Mais ce qui m’intéresse particulièrement dans ce que tu écris, cher Halagu, c’est ta définition du minimalisme, à laquelle – simple ignorance – je n’ai rien à opposer. Aussi aimerais-je beau avoir à ce sujet l’avis (non un arbitrage qui trancherait entre deux convictions) éclairé de notre ami Jalel, dont c’est, après tout, la spécialité.
2e phrase. Sorry. Lire "Mais il n’y a aucun crash, car la boule..."
Chers amis,
Il me semble que la difficulté avec le minimalisme, c'est qu'il met à mal le concept même de littérarité. La chose littéraire étant d'abord reproductible à l'infini, dans une perspective irréductiblement personnelle. Or force est de constater qu'"écrire" une page blanche n'est ni reproductible ni personnel. En quoi la page blanche d'un auteur est-elle différente de celle d'un autre ? Telle est la limite du minimalisme. Il ne peut aller atteindre ses limites. La littérarité est vouée au dire, à une irréductible altérité. En elle, même le silence, même le vide sont promis au dire.
J’espérais faire un joli strike, tu as supprimé les quilles et j'ai fait un bide. Je ne pouvais même pas faire des manœuvres de sauvetage jusqu'au moment où Jalel m'a lancé délicatement une petite bouée. Merci Jalel.

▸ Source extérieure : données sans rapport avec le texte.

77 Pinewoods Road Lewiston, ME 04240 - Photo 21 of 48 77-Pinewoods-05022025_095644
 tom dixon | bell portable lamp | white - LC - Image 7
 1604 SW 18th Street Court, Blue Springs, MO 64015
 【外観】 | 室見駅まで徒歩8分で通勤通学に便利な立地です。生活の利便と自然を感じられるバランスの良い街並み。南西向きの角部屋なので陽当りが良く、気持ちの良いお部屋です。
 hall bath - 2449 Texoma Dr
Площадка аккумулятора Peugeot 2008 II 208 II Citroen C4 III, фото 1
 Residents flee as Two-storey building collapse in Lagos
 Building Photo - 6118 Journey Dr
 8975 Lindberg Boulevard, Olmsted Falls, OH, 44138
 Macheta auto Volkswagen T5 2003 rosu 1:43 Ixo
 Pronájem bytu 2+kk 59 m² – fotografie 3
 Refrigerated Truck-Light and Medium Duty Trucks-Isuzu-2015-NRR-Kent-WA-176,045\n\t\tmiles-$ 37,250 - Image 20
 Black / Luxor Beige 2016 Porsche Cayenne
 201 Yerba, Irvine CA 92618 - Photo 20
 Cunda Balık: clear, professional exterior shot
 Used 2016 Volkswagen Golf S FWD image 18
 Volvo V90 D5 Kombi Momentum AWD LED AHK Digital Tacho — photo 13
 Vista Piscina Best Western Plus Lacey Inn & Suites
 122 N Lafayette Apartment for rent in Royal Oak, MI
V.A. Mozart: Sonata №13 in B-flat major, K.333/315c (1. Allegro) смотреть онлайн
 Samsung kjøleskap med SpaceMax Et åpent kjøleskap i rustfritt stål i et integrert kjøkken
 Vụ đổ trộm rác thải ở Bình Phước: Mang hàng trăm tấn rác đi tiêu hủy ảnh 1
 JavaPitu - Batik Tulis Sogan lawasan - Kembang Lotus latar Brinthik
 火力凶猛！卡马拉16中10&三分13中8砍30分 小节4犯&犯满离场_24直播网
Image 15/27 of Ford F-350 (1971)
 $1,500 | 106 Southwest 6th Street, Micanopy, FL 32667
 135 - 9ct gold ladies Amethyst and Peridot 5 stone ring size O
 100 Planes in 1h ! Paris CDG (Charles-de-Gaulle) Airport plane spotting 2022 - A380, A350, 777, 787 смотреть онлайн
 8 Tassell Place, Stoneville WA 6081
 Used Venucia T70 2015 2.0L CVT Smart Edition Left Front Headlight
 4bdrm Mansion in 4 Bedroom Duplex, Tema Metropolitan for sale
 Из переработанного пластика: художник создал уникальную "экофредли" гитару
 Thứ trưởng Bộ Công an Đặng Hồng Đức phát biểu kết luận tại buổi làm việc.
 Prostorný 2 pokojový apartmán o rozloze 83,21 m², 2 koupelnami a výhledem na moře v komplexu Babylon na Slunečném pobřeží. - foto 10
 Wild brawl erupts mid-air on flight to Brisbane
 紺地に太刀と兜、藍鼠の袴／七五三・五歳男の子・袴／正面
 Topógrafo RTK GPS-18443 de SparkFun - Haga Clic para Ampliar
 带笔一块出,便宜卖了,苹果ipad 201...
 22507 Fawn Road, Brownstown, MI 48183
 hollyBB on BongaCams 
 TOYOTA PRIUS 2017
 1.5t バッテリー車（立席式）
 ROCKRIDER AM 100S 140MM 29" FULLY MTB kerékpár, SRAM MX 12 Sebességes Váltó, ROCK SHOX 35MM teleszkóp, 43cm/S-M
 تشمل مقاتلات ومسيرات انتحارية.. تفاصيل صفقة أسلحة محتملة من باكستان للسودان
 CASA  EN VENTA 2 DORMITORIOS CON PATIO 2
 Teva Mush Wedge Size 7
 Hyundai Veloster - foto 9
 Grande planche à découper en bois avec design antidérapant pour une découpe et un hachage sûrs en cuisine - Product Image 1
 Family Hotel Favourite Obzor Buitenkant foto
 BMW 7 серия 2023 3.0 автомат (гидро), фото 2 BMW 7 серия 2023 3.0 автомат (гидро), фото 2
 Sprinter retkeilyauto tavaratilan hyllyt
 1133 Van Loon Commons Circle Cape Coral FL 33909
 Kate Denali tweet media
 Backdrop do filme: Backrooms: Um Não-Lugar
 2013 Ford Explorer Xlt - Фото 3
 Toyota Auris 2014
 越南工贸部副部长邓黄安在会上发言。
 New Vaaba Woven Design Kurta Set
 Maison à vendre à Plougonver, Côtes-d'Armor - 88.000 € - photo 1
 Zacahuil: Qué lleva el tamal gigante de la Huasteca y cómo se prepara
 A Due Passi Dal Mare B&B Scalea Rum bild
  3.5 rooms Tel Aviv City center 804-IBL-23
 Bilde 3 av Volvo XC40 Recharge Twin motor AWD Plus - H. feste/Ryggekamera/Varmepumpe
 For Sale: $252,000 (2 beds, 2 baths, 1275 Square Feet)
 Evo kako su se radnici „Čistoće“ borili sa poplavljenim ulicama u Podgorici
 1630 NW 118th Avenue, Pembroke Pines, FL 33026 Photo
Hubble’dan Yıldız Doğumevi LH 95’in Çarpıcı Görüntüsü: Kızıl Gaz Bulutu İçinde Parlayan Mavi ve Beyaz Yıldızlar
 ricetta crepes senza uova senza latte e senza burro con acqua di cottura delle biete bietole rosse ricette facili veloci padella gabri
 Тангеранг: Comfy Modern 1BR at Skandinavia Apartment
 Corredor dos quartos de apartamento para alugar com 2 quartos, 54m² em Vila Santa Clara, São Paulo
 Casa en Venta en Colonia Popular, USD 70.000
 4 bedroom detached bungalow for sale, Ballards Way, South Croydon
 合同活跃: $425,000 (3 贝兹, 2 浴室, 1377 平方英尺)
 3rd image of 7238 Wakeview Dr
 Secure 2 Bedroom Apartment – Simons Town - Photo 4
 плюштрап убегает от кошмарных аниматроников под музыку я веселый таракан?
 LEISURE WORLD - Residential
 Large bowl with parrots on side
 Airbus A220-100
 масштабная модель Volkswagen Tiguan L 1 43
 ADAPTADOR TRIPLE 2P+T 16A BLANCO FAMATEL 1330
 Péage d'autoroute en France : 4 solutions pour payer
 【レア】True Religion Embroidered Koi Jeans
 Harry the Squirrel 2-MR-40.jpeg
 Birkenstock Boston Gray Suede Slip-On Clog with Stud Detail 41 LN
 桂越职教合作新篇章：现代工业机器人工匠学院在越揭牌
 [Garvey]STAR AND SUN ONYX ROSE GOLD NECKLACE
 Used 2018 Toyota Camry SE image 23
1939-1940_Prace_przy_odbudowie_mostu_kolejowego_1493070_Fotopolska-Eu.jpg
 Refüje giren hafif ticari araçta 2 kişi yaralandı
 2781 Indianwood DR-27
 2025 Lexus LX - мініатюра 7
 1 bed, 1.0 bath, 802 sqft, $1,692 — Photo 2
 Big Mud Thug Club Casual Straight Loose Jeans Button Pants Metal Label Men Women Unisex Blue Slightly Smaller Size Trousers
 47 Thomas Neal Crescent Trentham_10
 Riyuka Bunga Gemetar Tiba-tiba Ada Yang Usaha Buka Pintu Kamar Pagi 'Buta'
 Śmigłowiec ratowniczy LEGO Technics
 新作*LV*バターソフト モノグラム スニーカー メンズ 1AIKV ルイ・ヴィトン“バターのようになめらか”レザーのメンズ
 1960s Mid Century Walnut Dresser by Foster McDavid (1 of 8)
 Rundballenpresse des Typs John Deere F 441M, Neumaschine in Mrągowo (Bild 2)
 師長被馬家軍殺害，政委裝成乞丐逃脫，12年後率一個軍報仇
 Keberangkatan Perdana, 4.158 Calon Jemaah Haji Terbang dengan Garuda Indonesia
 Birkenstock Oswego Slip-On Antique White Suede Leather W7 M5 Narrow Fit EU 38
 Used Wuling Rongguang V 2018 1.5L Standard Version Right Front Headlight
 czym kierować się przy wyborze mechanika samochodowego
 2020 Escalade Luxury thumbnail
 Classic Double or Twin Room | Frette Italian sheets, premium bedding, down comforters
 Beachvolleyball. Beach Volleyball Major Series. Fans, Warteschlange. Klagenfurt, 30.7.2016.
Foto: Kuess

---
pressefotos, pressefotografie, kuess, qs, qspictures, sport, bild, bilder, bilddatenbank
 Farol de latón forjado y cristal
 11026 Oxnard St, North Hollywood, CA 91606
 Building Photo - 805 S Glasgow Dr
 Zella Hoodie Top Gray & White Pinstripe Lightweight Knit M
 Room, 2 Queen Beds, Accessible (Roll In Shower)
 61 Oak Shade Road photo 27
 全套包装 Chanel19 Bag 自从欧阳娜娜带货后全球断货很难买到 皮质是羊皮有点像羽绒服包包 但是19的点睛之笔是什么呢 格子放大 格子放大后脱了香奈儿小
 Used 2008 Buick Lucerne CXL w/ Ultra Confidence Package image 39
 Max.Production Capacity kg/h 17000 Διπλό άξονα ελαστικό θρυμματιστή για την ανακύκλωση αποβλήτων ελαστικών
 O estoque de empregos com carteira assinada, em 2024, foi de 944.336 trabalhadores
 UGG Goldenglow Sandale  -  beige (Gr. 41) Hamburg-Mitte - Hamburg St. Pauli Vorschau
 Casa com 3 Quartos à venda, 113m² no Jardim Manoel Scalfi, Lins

Il y a cependant un point à préciser, le poète Fels est peut-être un minimaliste, mais il n'est pas que ça. J'ai lu quelques poèmes publiés sur des blogs littéraires et j'ai beaucoup apprécié sa poésie. Tu as bien fait de le faire connaître à tes lecteurs. Ton analyse est en béton et je n'aurais pas eu l'ambition effrontée de viser une colonne de Buren.
Orphée est mort mais son chant
Continue d’ensorceler l’âme des Poètes.
...disait Fels. Et les Poètes continueront à nous faire rêver avec leurs mots.
Impossible de pénétrer, cher Halagu, par la lecture d'un poème, dans l'esprit du poète. Le poète lui-même n'en a bien souvent pas la clé, ou, d'autres fois, ne l'a détenue qu'un moment, celui de l'inspiration. Et il lui arrive, en relisant ses vers, de se demander, ce qui l'a pris de s'exprimer ainsi.